My local newspaper recently gained national attention with an investigative report on sexual abuse by ministers in “Independent Fundamentalist Baptist” churches. The study revealed 412 documented allegations of sexual misconduct in 187 churches, based in 40 states and Canada. Let me quickly add that while I am “independent,” and some would say, a bit “fundamental,” and a life-long Baptist, I am not an “Independent Fundamentalist Baptist.” Second, on behalf of ministers everywhere, I’d like to apologize to victims of ministerial abuse. It is never acceptable, nor should it be ignored, or covered up. It is true that many ministers sit dangerously on pedestals, without seat-belts, and when they fall, they deserve correction. While this study focused on one group of churches, it followed a national scandal involving sexual abuse among Roman Catholic priests. So, let me broaden the focus of my comments to include all of those called by God to church-related ministry. As a twenty-two-year Seminary professor, I observed first-hand, the moral and ethical failures of both want-to-be ministers, alumni, and colleagues. This is not a new problem, nor a narrow one. It began shortly after the creation and fall of mankind. Early in my ministry, I memorized a verse of scripture (from the King James Bible, which is all we had back then) as something for which I wanted to strive. It was Paul’s standard, “I press toward the mark for the prize of the high calling of God in Christ Jesus” (Philippians 3:14). I focused on three words: “mark” which was later translated “goal;” “prize” which was an award, often given in the public games of the day; and “calling” which was an invitation, and in the New Testament, always used for a divine call from God.

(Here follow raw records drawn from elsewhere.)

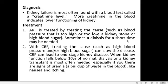In chronic renal failure, treating the cause such as high blood pressure or high blood sugar can only slow the disease. If left untreated, CRF leads to end stage kidney disease. When kidney function falls below 10%, the patient will require either lifelong dialysis or a kidney transplant. Without treatment, high levels of urea accumulate in the blood — a condition called uremia — causing symptoms like nausea and itching, which signal the need for intervention.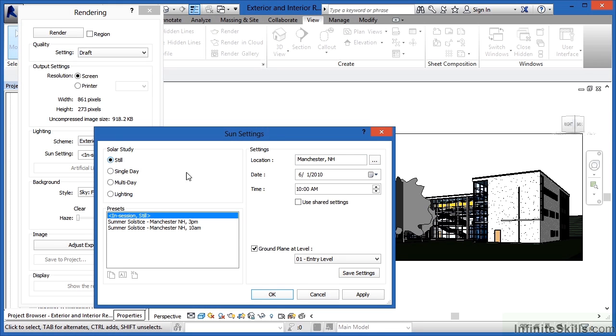And from there, you can change the location in the world that you're doing this from. Manchester, New Hampshire, by the way, happens to be where the main Revit team is located. So that's the reason why they included it in here by default first.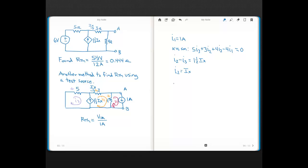From our fundamentals, the voltage across the test current source equals the voltage across that 4-ohm resistor.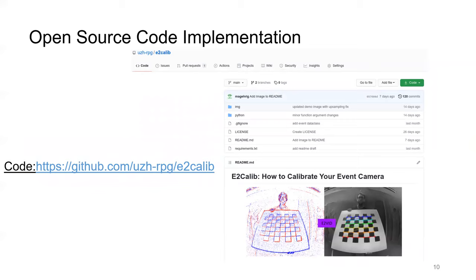In this paper, we proposed a framework for calibrating an event camera using image reconstruction. You can check out our well-documented open-source code for this project at this link.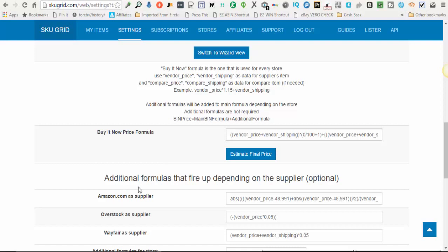So SkewGrid allows you to set up additional formulas based on the store. For example with Amazon, Amazon started charging shipping for items under $49. If you want to add, let's just say $8 to every item under $49, that way it helps to cover you for shipping, then there's a formula that can be applied to do that.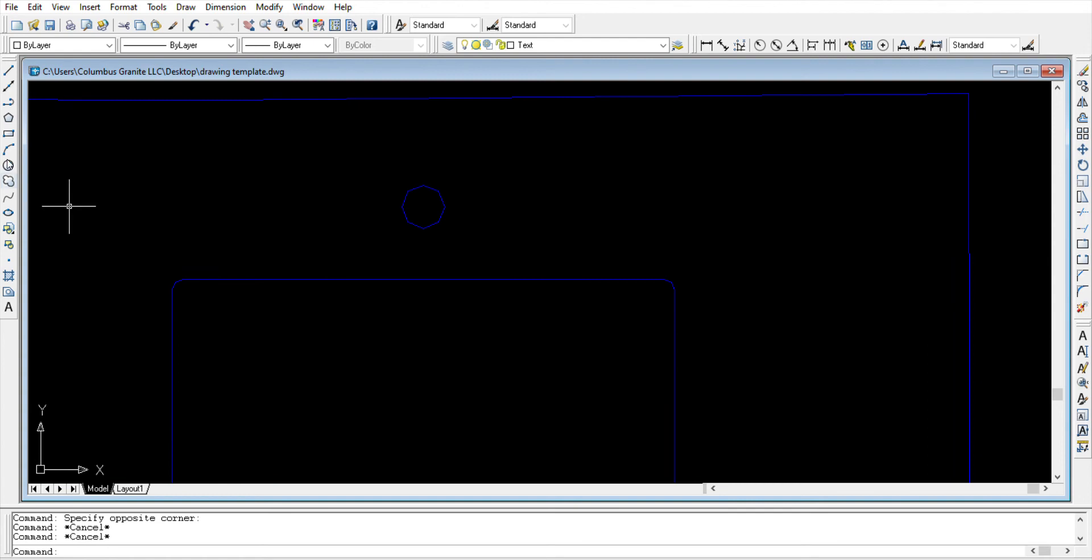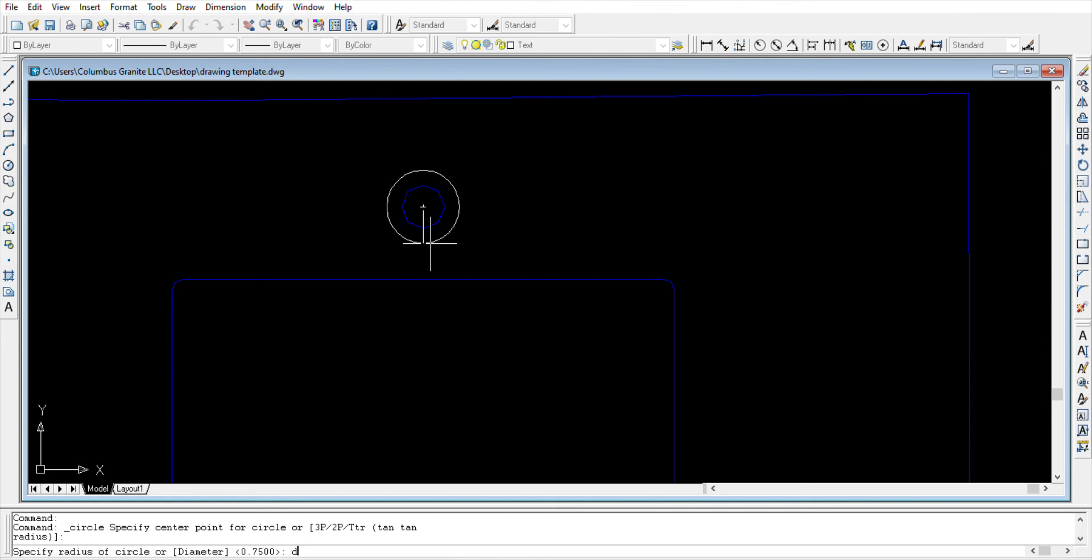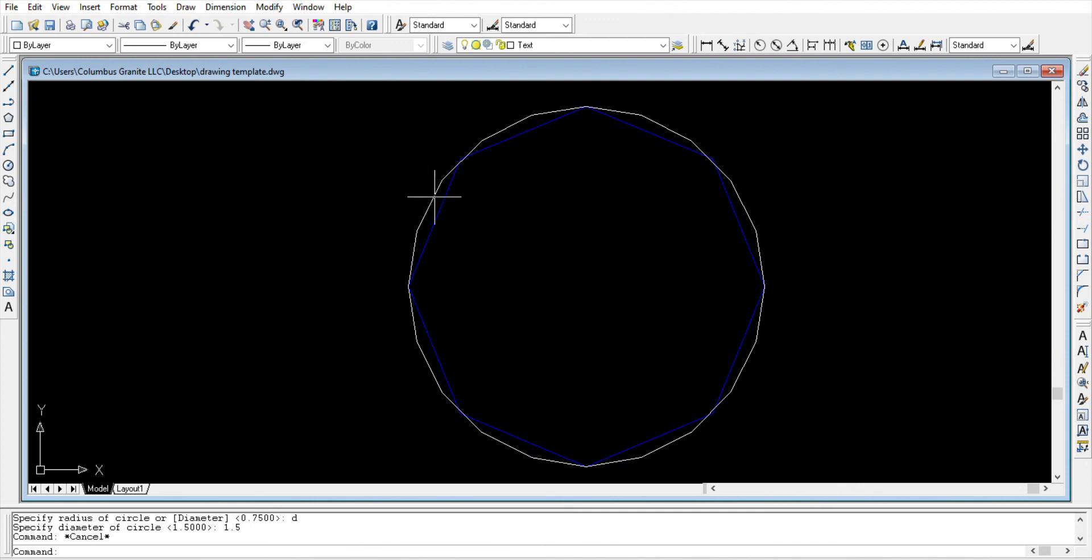Here, select the circle icon, specify its base point, pull and enter the measurement. Enter D for diameter and enter the measurement. For this case it will be 1.5, hit enter. We can select the new one and mark milling.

I am not a judge (even though that is the meaning of the Hebrew name, Daniel), and now that I am much closer to pressing toward the finish line than kneeling in the starting blocks, I realize the danger in judging others. However, I pass this verse along to my younger ministerial family, and beyond. Keep your focus on the prize of the “high calling of God in Christ” not the low calling of “the sins of the flesh” (Colossians 2:11). No doubt some have been, and will be again, falsely accused. To those, I repeat what I often told my students, “So live, that when the rumors and the negative reports begin no one will believe them.” In other words, be “marked” by the “high calling.”